From the bright, bold colours of a busy market place, silk saris, luxurious chintz textiles, images of kings on elephants and sculptures of god, to more than 300 objects including coins, artwork, sculpture, maps, weaponry, ceramics, textiles and clothing, sourced from over 15 lending institutes including the British Museum, Victoria and Albert Museum and her Majesty the Queen’s own Royal collection, the ‘East of India – Forgotten trade with Australia’ exhibition at the Australian National Maritime Museum was as exhaustive as it was alluring.

The exhibition, which opened to the public on 1 June and lasted till 18 August, showcased various aspects of the trade which Australia had with India, a fact that many Australians are unaware of today.

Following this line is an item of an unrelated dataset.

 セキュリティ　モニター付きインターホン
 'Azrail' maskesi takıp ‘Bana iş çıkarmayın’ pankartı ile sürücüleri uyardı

The early trade connections with India, which flourished over two centuries ago, were crucial to the growth and the survival of colonial Australia.

The East India Company was one of the world’s most powerful corporations of its time. It came to control the lives of millions in India, with its influence in New South Wales, Britain’s struggling first colony in the southern hemisphere. Sugar, rice, shoes, cloth, candles, cattle and other essentials were imported from India to New South Wales.

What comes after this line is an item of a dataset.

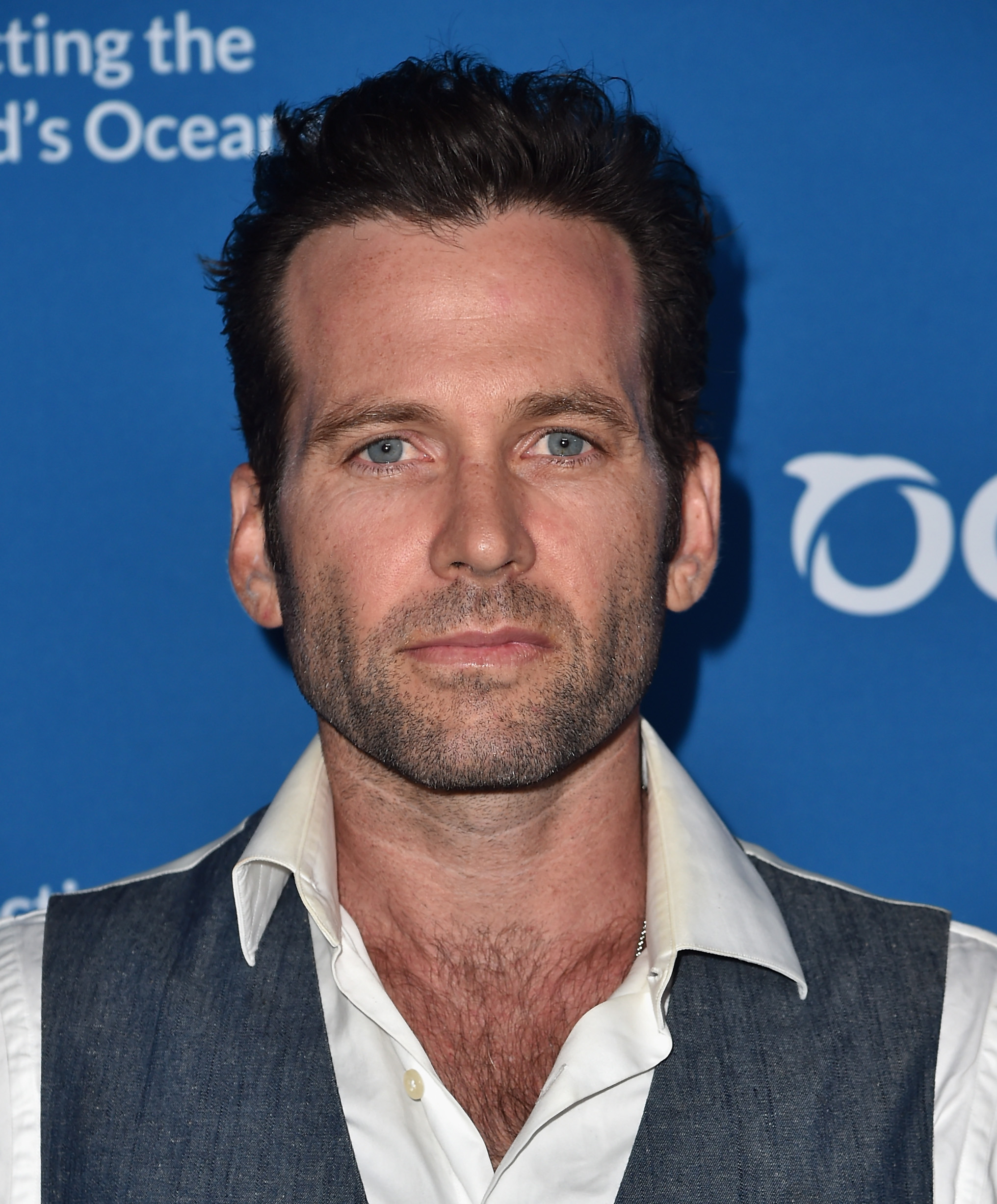 Eion Bailey photo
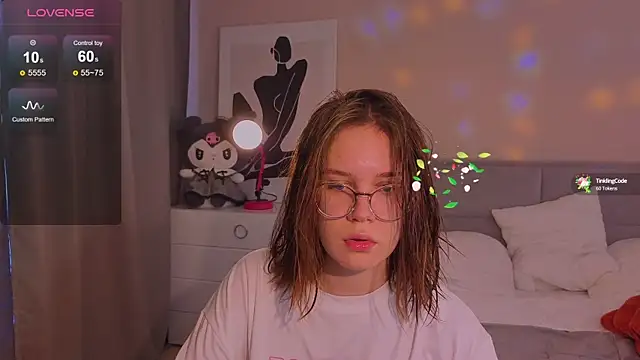 Mia Luw online show from 10/12/25, 04:44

Explaining his concept for the exhibition, Dr Erskine says, “I have always been interested in the act of settlement. My PhD focused on the settlement on Pitcairn Island of mutineers from the bounty and I was intrigued by the notion that a group of sailors could arrive at an island they had never seen before and start a settlement. As I read about the first years of European settlement in Australia, I found myself reading more about India and the power of the East India Company – and that’s when the concept for an exhibition surfaced.”

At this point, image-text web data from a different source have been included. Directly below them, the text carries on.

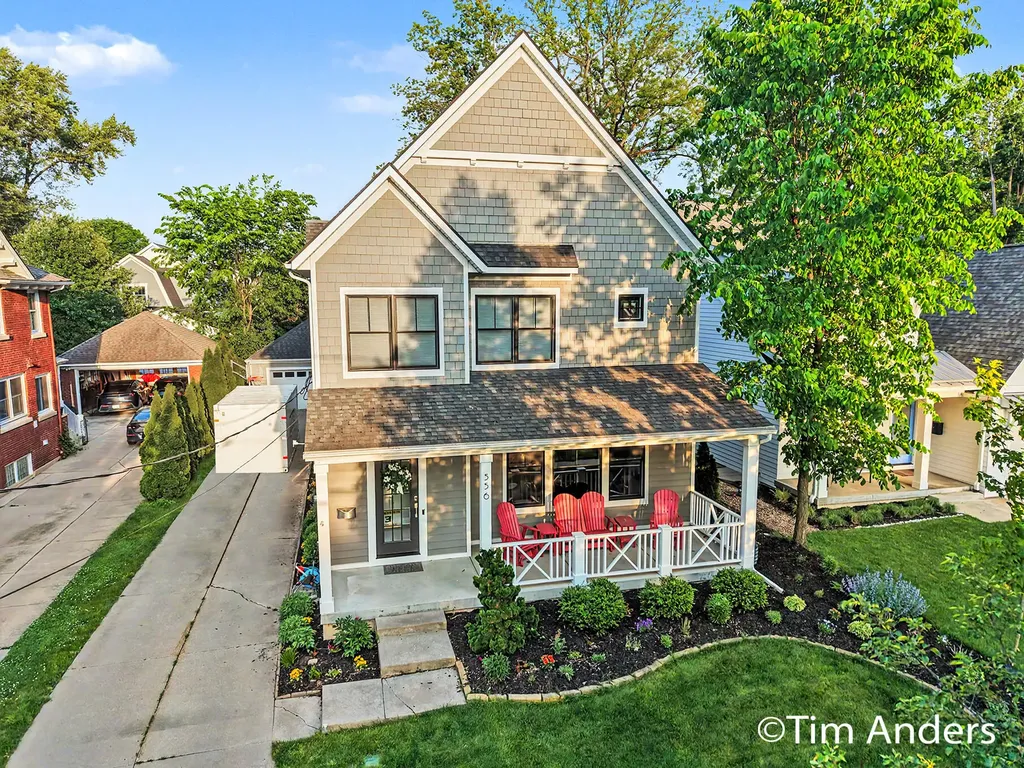 556 Greenwood Avenue SE East Grand Rapids City MI 49506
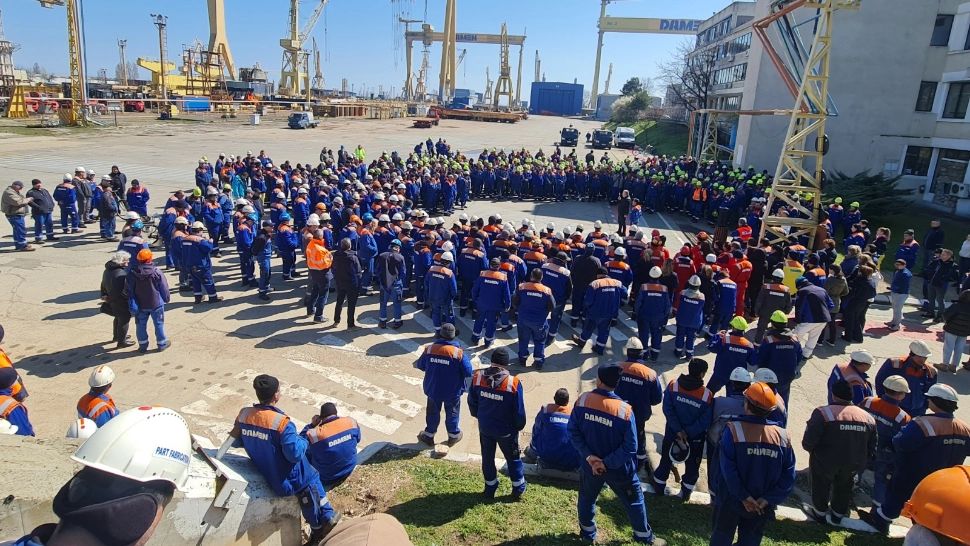 O nouă zi de protest la Șantierul Naval Mangalia. Angajații cer plata salariilor și aprobarea planului de reorganizare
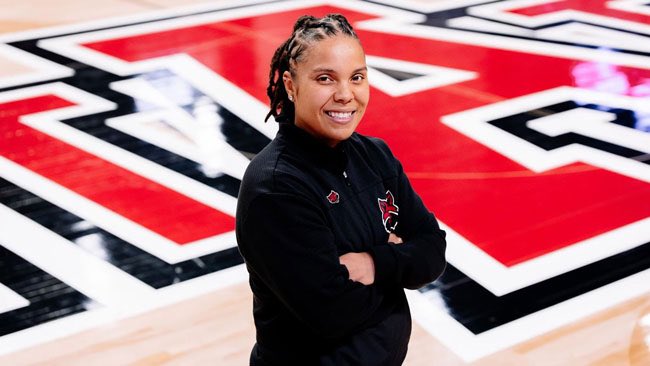 If we don’t SUPPORT our own, who will?

Let’s talk about Arkansas State WBB (<a href="/AStateWB/">Arkansas State Women's Basketball</a>) Head Coach Destinee Rogers ( <a href="/Coach_Dezz/">Destinee Rogers</a>).

First Year at Arkansas State, her overall record was 13-19 &amp; 6-12 in <a href="/SunBelt/">Sun Belt</a>.

Second year at Arkansas State, her overall record was 13-17 &amp; 6-12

He adds: “Perhaps unsurprisingly given the East India Company’s right to raise its own armies, mint its own coinage and collect taxes, many people are confused as to whether it was a trading company or a sovereign power.”
“To understand the story of colonial Australia’s engagement with India we have to step back and understand what was happening in India at the time,” says Dr Erskine.

This exhibition gave people a chance to examine rarely seen artifacts from the ship ‘Sydney Cove’ wrecked en route to Port Jackson with a cargo of Indian goods in 1797, and Indian currency including gold used by merchants who exported seal oil, timber, coal and horses from the fledgling colony.

Artifacts on display included the bejewelled sword that belonged to the Indian leader Tipu Sultan, who was killed by East India Company forces at the battle of Seringapatam in 1799, and Indian cargo from the ship Sydney Cove wrecked en route to Australia in 1797.

The exhibition also featured some of the forgotten stories of early settlers in the colony through documents and objects.